I tak dowiadujemy się kolejnych faktów z życia Jolanty :jak zdała maturę, zaczęła studia, po czym je porzuciła, znalazła pracę i tak dalej... Następnie poznajemy skrawek z życia jej córki – Aleksandry. Dziewczyna znajduje ów pamiętnik i wspomina swoje studia, pierwszą pracę, a nawet to, jak była małą dziewczynką.
Niestety, coś w tej książce poszło nie tak. Pomysł na historię był rewelacyjny, ale realizacja chyba nie do końca była strzałem w dziesiątkę. Na początku było ciekawie. Jednak później, kiedy skończyło się czytać pamiętnik, a zagłębiło się w przeszłość, zawiewało nudą. Zabrakło mi też dat, które pomogłyby w uporządkowaniu faktów. Odniosłam również wrażenie, że na początku wszystkie wydarzenia były poukładane, a później zupełnie się mieszały: raz młodość Jolanty, a za chwilę teraźniejszość Oli, by potem znów cofnąć się o jakieś 3 lata, następnie o kolejne 5 lat, by powrócić do wydarzeń z któregoś tam roku i ponownie do teraźniejszości. I tak, jak pisałam wcześniej, nie jest to oznaczone żadną datą.

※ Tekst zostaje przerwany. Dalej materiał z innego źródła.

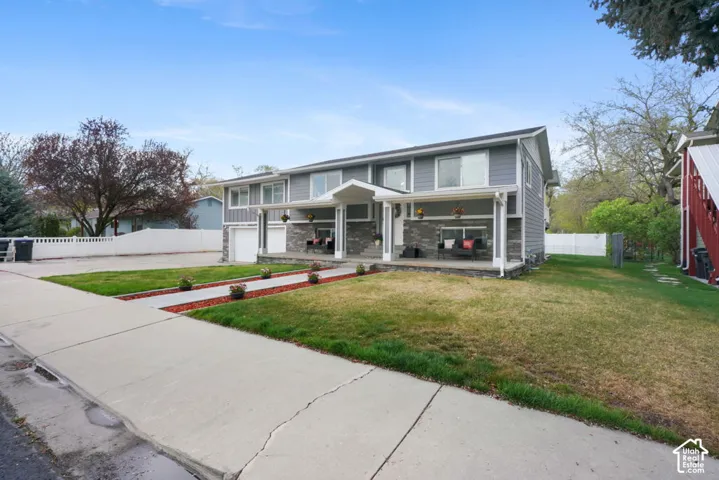 Two-story exterior with gray horizontal siding and white trim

Kolejny minus książki, to powtarzające się fragmenty pamiętnika, które chyba zostały zamieszczone po to, by zwiększyć liczbę stron.
Ta książka to historia dwóch kobiet: matki i córki. Miałam wrażenie, że ich losy toczyły się niemal identycznie.
Coś, czego się kompletnie nie spodziewałam po tej książce, to sceny łóżkowe. Jej dużym plusem jest to, że autor opisał je ze smakiem: bardzo subtelnie i delikatnie. Z drugiej miałam wrażenie, że było ich naprawdę dużo, jak na taką pozycję.
To było moje pierwsze spotkanie z twórczością tego autora i niestety, nie przypadła mi ona do gustu. Powtórzę się, pomysł był naprawdę świetny, jednak jego realizacja nie wypadła najlepiej.
Wydawnictwo: WasPos
Data wydania: 2020-07-23
Kategoria: Romans
ISBN:
Liczba stron: 306
Język oryginału: Polski
Dodał/a opinię:
MrsBookBook
"On zawdzięcza jej życie, ona jeszcze nie wie, czy chce coś zawdzięczać jemu" Dramatycznym zrządzeniem losu spotykają się na ruchliwej trasie Gliwice...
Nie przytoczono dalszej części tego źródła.